TASK BRIEF
Locate all lines in the data below that hold "Görsel" and show them.

Stored items from a collection
- - -

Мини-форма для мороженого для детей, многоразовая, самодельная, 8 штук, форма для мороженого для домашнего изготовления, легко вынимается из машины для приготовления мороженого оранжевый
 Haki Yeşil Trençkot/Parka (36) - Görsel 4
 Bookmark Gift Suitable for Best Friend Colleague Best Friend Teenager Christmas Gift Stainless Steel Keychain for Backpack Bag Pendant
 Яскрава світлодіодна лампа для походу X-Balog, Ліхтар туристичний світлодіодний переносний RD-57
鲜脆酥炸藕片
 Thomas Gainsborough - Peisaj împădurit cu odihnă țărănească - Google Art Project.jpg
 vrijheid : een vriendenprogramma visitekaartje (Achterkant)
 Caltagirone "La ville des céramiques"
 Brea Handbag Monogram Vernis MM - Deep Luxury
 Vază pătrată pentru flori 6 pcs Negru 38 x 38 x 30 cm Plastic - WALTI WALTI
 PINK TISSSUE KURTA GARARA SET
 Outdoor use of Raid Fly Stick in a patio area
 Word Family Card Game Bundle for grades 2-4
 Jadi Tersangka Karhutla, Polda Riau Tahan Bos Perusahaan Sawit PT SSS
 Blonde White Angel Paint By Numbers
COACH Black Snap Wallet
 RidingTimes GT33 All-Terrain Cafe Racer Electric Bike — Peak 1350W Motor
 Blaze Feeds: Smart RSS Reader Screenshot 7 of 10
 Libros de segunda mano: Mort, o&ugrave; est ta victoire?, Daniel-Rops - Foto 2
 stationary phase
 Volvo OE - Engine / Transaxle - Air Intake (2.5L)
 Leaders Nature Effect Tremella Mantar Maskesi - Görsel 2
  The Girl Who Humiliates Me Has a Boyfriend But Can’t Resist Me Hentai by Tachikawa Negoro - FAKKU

- - -

OUTPUT OF THE EXERCISE
 Haki Yeşil Trençkot/Parka (36) - Görsel 4
 Leaders Nature Effect Tremella Mantar Maskesi - Görsel 2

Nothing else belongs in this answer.